- Born: Sebastian Costello
- Education: Carey Baptist Grammar School RMIT University
- Occupations: Television and radio journalist
- Employer: Nine Network
- Family: Peter Costello (father) Tim Costello (uncle)

= Seb Costello =

Australian journalist (born 1987)

Sebastian Costello (born 1987 ) is an Australian television and radio journalist.

==Radio==
===Early radio work===
Costello began his radio career at Melbourne community radio station SYN in 2007 while studying at RMIT University.

He then moved into commercial radio, working as an announcer at Max 107.3 in Taree on the Mid North Coast of New South Wales, and then at Classic Rock 102.5FM in Echuca on the New South Wales/Victoria border.

===3AW===
Following his stint in Echuca, Costello moved back to Melbourne and began working for 3AW. Firstly, as producer for Derryn Hinch’s drive program, then as a producer and reporter for Neil Mitchell's breakfast program on 3AW. He also became a boundary rider during the station's AFL broadcasts.

While working for 3AW in 2014, Costello was the subject of a homophobic comment made by veteran AFL commentator and former player Brian Taylor who said: "I don't want to offend his upbringing or his parents... but he looks gay."

===Triple M===
Costello moved from 3AW to Triple M in late 2014, where he became a news presenter on The Hot Breakfast.

Aside from reading the news at Triple M, Costello also continued working as an announcer, co-hosting The Summer Breakfast in late 2015 with Lawrence Mooney before hosting his own Saturday morning show, Weekend Breakfast from 2016 until he left the station in early 2017.

For his broadcast about Usain Bolt's triumph at the 2016 Summer Olympics, Costello won a Melbourne Press Club Quill Award in 2017 for Best Radio News.
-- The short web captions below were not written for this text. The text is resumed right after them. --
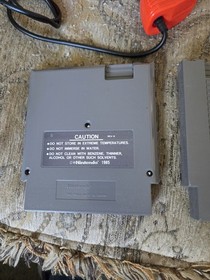 Nintendo NES Zapper Gun Lot of 2 Light Gun Orange w/ 2 Compatible Games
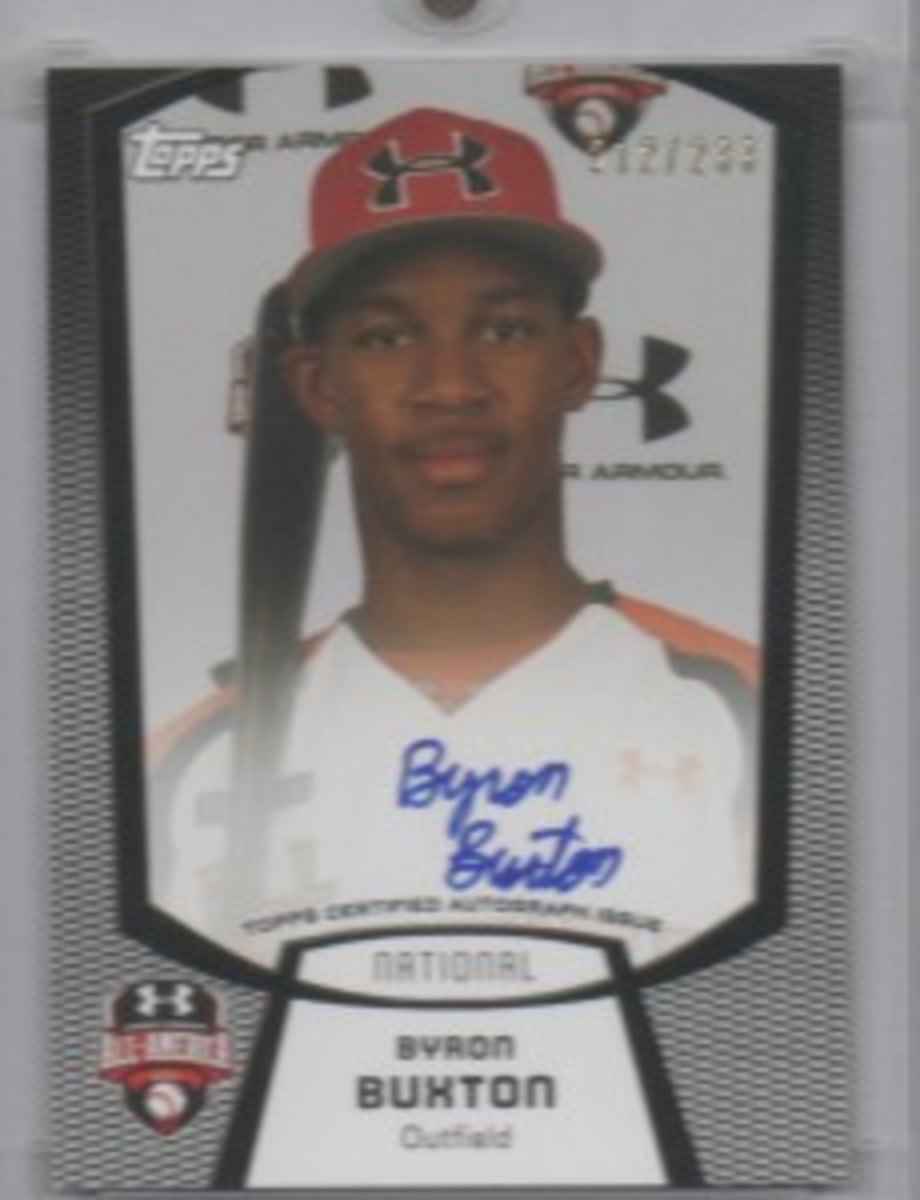 BYRON BUXTON 2015 PANINI JUMBO ROOKIE USED WORN JERSEY RC #BB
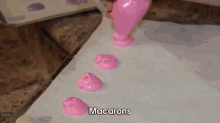 French Macarons Are A Small Bite Sized Cookie. GIF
Costello's award marked the first time a Triple M staff member had ever won a Quill Award. Costello was also nominated in the Best Radio Current Affairs category for his coverage of Muhammad Ali's memorial service but lost to Richard Baker and Michael Bachelard from www.theage.com.au for their podcast Phoebe's Fall.

When Costello was appointed as the Nine Network's new Europe correspondent in 2017, he left Triple M.

However, in June 2018, it was announced Costello would be returning to Triple M, initially to co-host The Winter Breakfast during the mid-year ratings break, but then to resume his role as the news presenter on The Hot Breakfast.

In November 2020, Costello resigned from Triple M.

==Television==
===Nine Network===
In December 2012, Costello became a Nine News reporter.

In March 2013, Costello apologised for laughing during a live cross. A member of the public had walked into shot, which caused an unexpected interaction between the person and a Nine crew member. But as the report was from the scene of a wall collapse in Carlton where two people had been killed, Costello felt it appropriate to apologise publicly and privately to the families of the victims.

In early 2017, the Nine Network announced Costello had been appointed as its new European correspondent, replacing Tom Steinfort.

Concerns were raised in 2018 about Costello's unexplained absence from Nine News after reportedly missing calls and being absent for a number of scheduled live crosses. The Nine Network said Costello was simply taking leave which was owing to him. Costello later revealed he had been suffering from a period of burnout after working around the clock to cover a large number of international stories for the network.

In 2019, Costello apologised for appearing to jostle with a Seven News reporter while the two journalists were working outside a Melbourne court, attempting to get a comment from a woman who had just been cleared of charges.

In October 2020, Costello joined A Current Affair as a reporter.

===Nine's Wide World of Sports===
In addition to news reporting, Costello also contributes to Nine's Wide World of Sports coverage, providing commentary for sporting events such as Suncorp Super Netball.

===Twitter controversy===
In September 2019, Costello was the subject of an allegedly offensive remark made on Twitter by Seven Network presenter Edwina Bartholomew.

It occurred after Nine News Melbourne posted a video on their Twitter account of Costello reporting from Melbourne's Parliament House where there had been a security scare. Bartholomew allegedly replied from her account to the video with an offensive remark about Costello. While Bartholomew deleted her tweet 50 minutes afterwards and apologised, the Nine Network threatened legal action.

A spokesperson for Nine said Costello and the network were "devastated and shocked at the damaging and false nature of this personal attack". The libellous nature of Bartholomew's tweet prevented the Australian media from repeating or republishing Bartholomew's comment in its entirety, with a specific word censored from the screenshots which were published.

Costello told his Triple M colleagues during The Hot Breakfast that what was said "wasn't ideal" and that he planned to discuss the issue with lawyers.

==Personal life==
Costello is the son of former Treasurer of Australia and former chairman of Nine Entertainment Co., Peter Costello.

He is also the nephew of Baptist minister and World Vision Australia chief executive, Tim Costello.